The San Diego Chargers have been trying to replace the aging Qualcomm Stadium with a downtown stadium for 14 years, and it hasn’t gone well. San Diego’s stadium hunt has come to a head with the Chargers sending a letter to the city, and its most recent stadium advisory board, indicating that the city needs to stop treating the team’s stadium situation as a political football, or the franchise will attempt to relocate.

Qualcomm Stadium is the last of the "Cookie Cutter" stadiums in use.

Qualcomm Stadium is the last of the “Cookie Cutter” stadiums in use.

The Chargers released a scalding letter to the city of San Diego’s stadium advisory board that explained how the franchise is tired of dealing with the city’s politicos. According to the franchise, the Spanos family (the owners) have spent $15 million over 14 years looking into several different sites around San Diego County that has resulted in nine unsuccessful proposals. Basically, the Chargers feel like their stadium situation is being used as a political football for city officials to hand down to the next board.

“The second guiding principle is this: The Chargers have no intention of quietly participating in any effort to provide political cover for elected officials.

Former elected officials have tried to exploit the Chargers and the stadium issue for their own political advantage.”

This letter also hints at the St. Louis Rams push to relocate to Los Angeles have altered the discussion and the time-table both the Chargers and the city are operating on.

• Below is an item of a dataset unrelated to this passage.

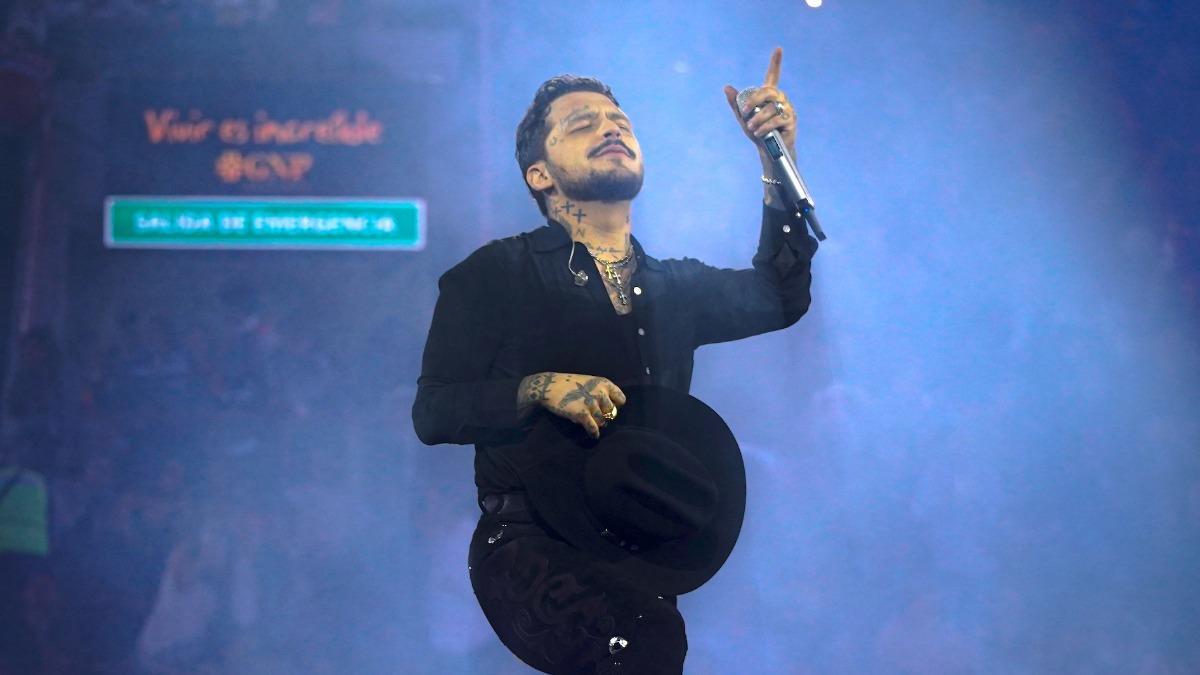 <![CDATA[Golpe para Christian Nodal: no podrá registrar la marca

“We appreciate the pressure that you will feel to find a solution. We at the Chargers have felt this pressure for every one of the last 13 years. And now, in our 14th year of work, the pressure has intensified even more as the result of events in Los Angeles.”

The Chargers have made it clear that a new stadium is the only way that the franchise will be able to stay in the San Diego area. It’s now up to the city to create a legitimate proposal that has a chance of passing through the city and county council.

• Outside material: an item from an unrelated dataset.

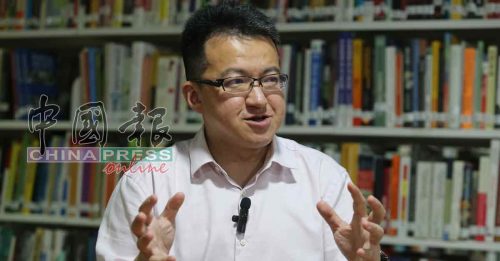 ◤6州选举◢ 刘镇东： 团结政府要转变思维 须赢五成马来人支持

San Diego is the last city in the country to have a so-called “cookie cutter” stadium — a building designed to hold baseball and football — in Qualcomm Stadium. Qualcomm opened in 1967 after the Chargers relocated from Los Angeles, they’ve been playing in the stadium outside of downtown San Diego. The city’s professional baseball team, the San Diego Padres, played at Qulacomm from 1969 until the baseball only ballpark Petco Park opened in 2004.